Precision is also a focus. Through multi-degree-of-freedom limb coordination and calibrated joint linkage, the system is designed to achieve millimeter-level operational accuracy. This level of control is intended to support industrial-grade tasks that require consistent performance and minimal error across changing conditions.

But hardware is only part of the equation. The company pairs the robot with its proprietary Wise KaiWu general-purpose embodied AI platform. This system supports perception, reasoning, and real-time control through what the company describes as a coordinated “brain–cerebellum” architecture. It establishes a continuous perception–decision–execution loop, allowing the robot to operate with greater autonomy and reduced reliance on remote control.

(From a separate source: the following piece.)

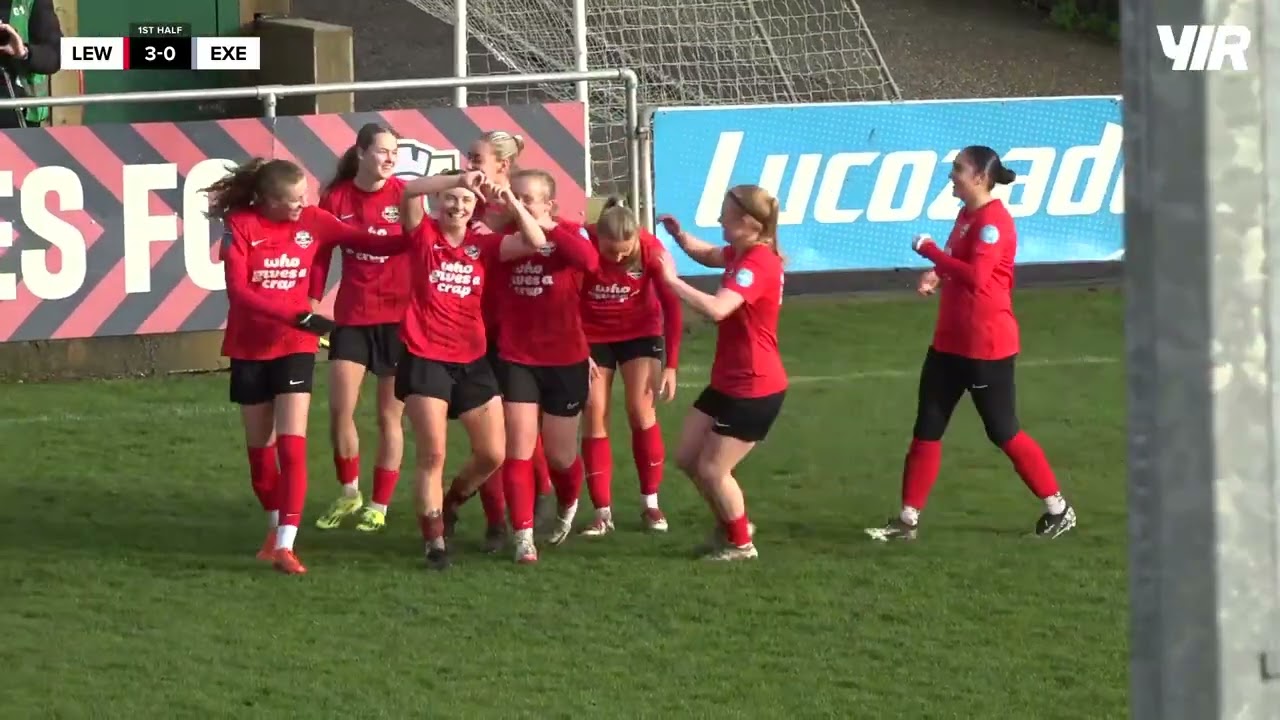 Highlights | Lewes v Exeter - 22.02.26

For higher-level cognition, Wise KaiWu incorporates components such as a world model and vision-language models (VLM) to interpret visual scenes, understand language instructions, and break complex objectives into structured steps. For real-time execution, a vision-language-action (VLA) model and full autonomous navigation system manage obstacle avoidance and precise motion under variable conditions. The platform also supports multi-agent collaboration, enabling cross-platform compatibility, asynchronous task coordination, and centralized scheduling across multiple robots.

A central part of the platform is openness. The company states that the system is designed to address compatibility and adaptation challenges across both development and deployment layers. On the hardware side, Embodied Tien Kung 3.0 includes multiple expansion interfaces that support different end-effectors and tools, allowing faster adaptation to industrial manufacturing, specialized operations, and commercial service scenarios. On the software side, the Wise KaiWu ecosystem provides documentation, toolchains, and a low-code development environment. It supports widely adopted communication standards, including ROS2, MQTT, and TCP/IP, enabling partners to customize applications without rebuilding core systems.

The company also highlights its open-source approach. X-Humanoid has open-sourced key components from the Embodied Tien Kung and Wise KaiWu platforms, including the robot body architecture, motion control framework, world model, embodied VLM and cross-ontology VLA models, training toolchains, the RoboMIND dataset, and the ArtVIP simulation asset library. By opening access to these elements, the company aims to reduce development costs, lower technical barriers, and encourage broader participation from researchers, universities, and enterprises.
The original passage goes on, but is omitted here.